[Tutor] Splitting strings into blocks

Mon May 1 14:57:27 CEST 2006

Daniel Watkins wrote:
> Hi list,
> I'm currently working on a program to parse LaTeX style maths expressions and 
> provide an answer. For example, I have the expression "2^\frac{1}{2}". I'm 
> trying to work out a way to split this into it's most basic blocks of LaTeX 
> (i.e. 2^ and \frac{1}{2}) while maintaining a record of the depth of the 
> expression (i.e. (2^,0),(\frac{1}{2},1)). I will then process this list from 
> the highest order downwards, feeding the deeper results progressively into 
> shallower elements until all have been calculated.
> LaTeX allows me to legally express the previously stated expression as 
> "{2^{\\frac{1}{2}}}". This makes it much easier to figure out where the units 
> of LaTeX are located. The depth of any item can now be expressed as the 
> number of unpaired opening or closing braces between the element and the 
> start or end of the expression.
> I'm essentially looking for a way to split the string up along the braces, 
> while recording the number of braces between the split and either end of the 
> expression.

First, I'll echo Danny's question - why do you need to do this?

For a general parser of LaTex expressions you will want to use a parsing 
package. I have found pyparsing to be pretty easy to use but there are 
many others.

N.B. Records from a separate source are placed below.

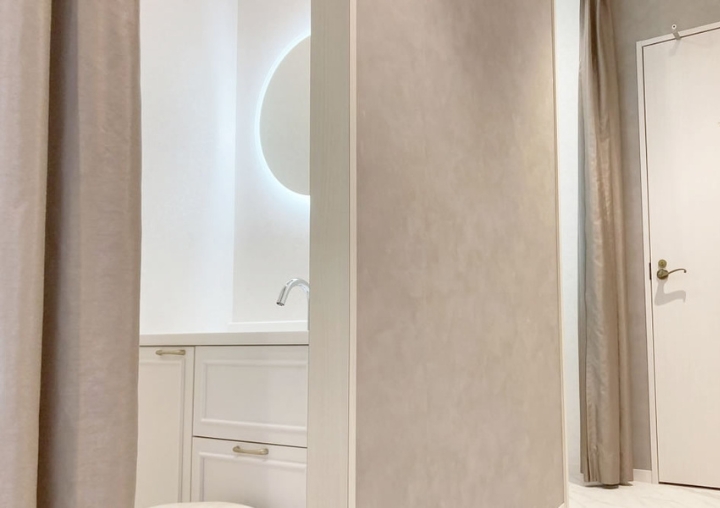 eクリニック横浜院のメイクルーム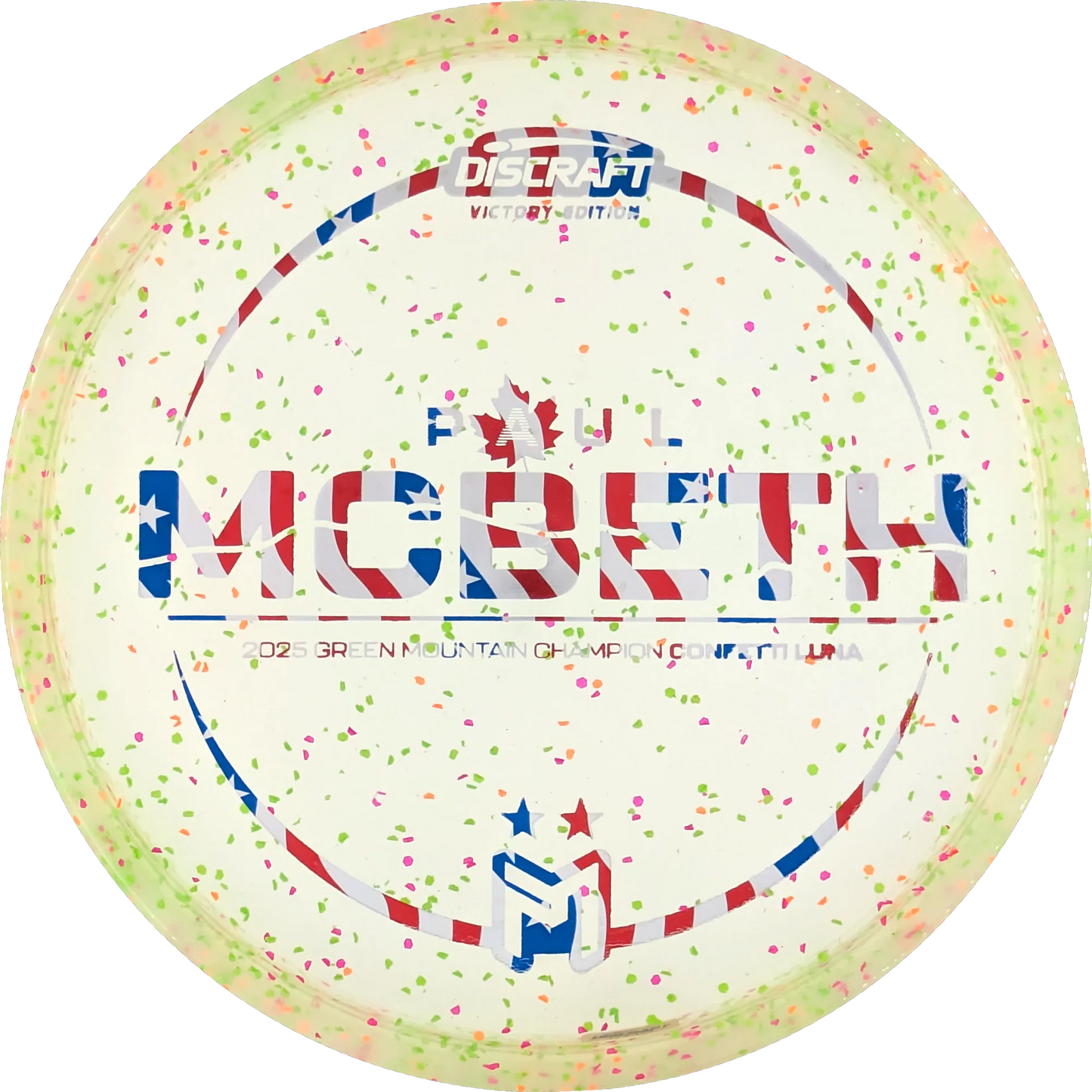 Z-Line Confetti Paul McBeth Luna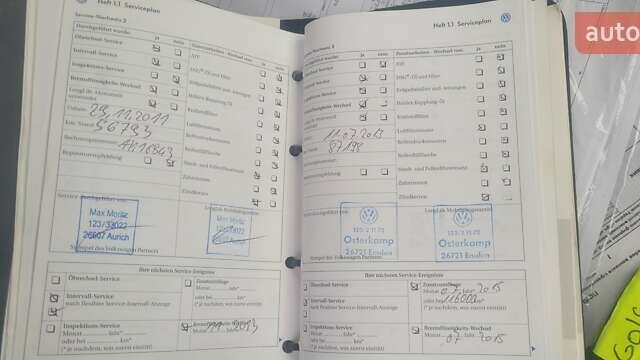 Черный Фольксваген Гольф Плюс, объемом двигателя 1.6 л и пробегом 216 тыс. км за 6499 $, фото 25 на Automoto.ua
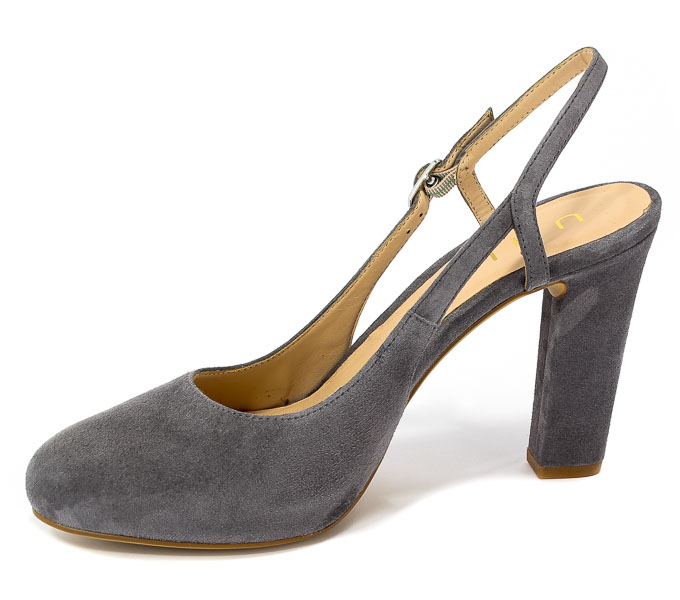 Sandały Unisa Pacta Ks Glacier Kid Suede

Someone may have solved this problem already.

To answer your specific question, here is code that uses re.split() to 
break an expression on the braces, then a simple loop through the 
results keeps track of nesting level and prints the depth of each token 
between the braces:

import re

data = r"{2^{\\frac{1}{2}}}"

depth = 0

for token in re.split(r'([{}])', data):
     if token == '{':
         depth += 1
     elif token == '}':
         depth -= 1
     elif token:
         print depth, token

Kent